>>>>>
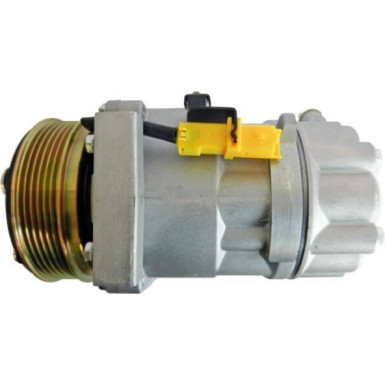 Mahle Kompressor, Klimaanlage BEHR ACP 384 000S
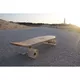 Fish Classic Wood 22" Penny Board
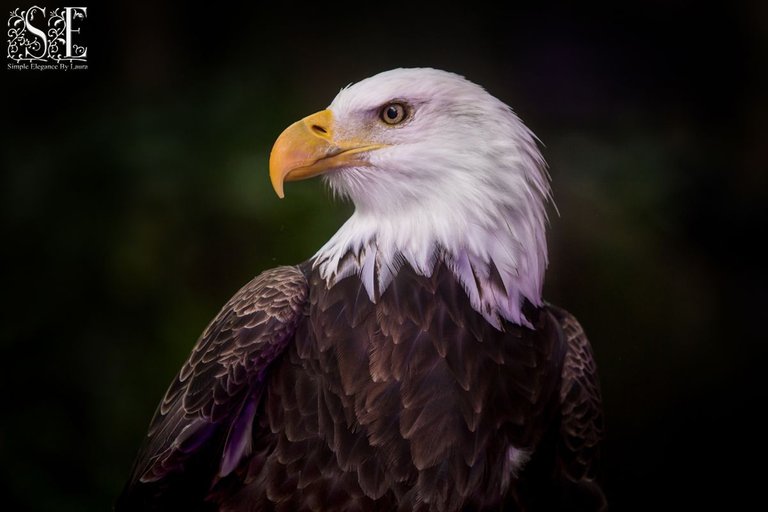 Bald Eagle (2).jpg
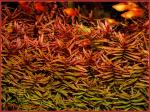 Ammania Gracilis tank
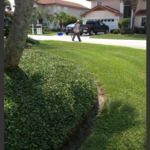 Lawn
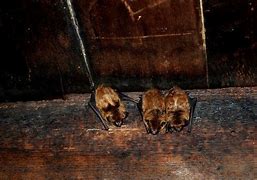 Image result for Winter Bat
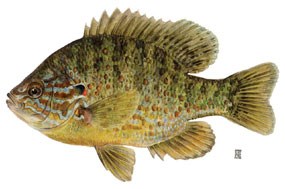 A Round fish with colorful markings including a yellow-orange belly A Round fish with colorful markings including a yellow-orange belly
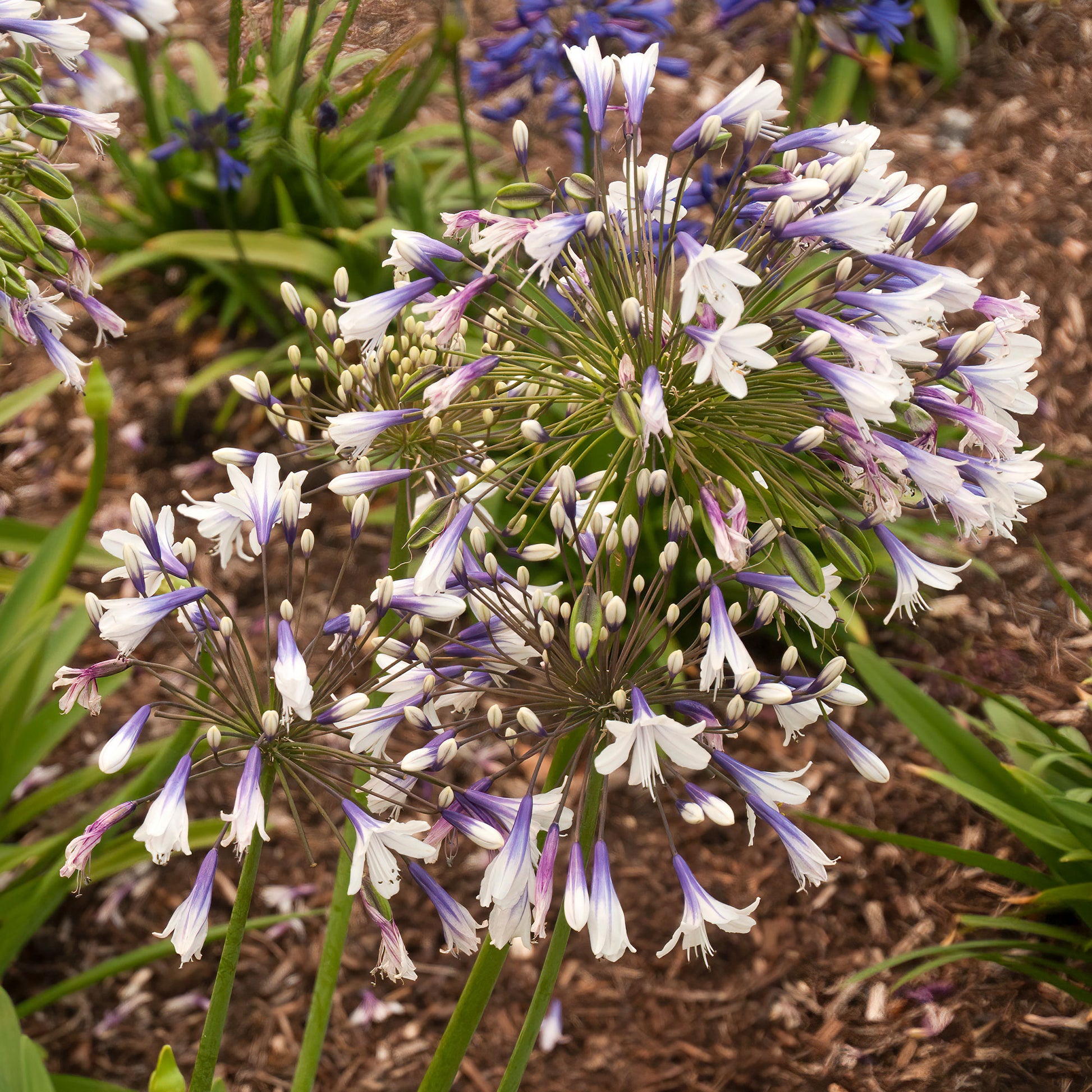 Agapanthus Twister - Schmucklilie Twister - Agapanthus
<<<<<
» Aim of the task: Please transcribe exactly the lines from the one containing "Bald Eagle (2).jpg" through the final line of the data, including both, and nothing else. Pictures are to be left out.

» Output for this task:
 Bald Eagle (2).jpg
 Ammania Gracilis tank
 Lawn
 Image result for Winter Bat
 A Round fish with colorful markings including a yellow-orange belly A Round fish with colorful markings including a yellow-orange belly
 Agapanthus Twister - Schmucklilie Twister - Agapanthus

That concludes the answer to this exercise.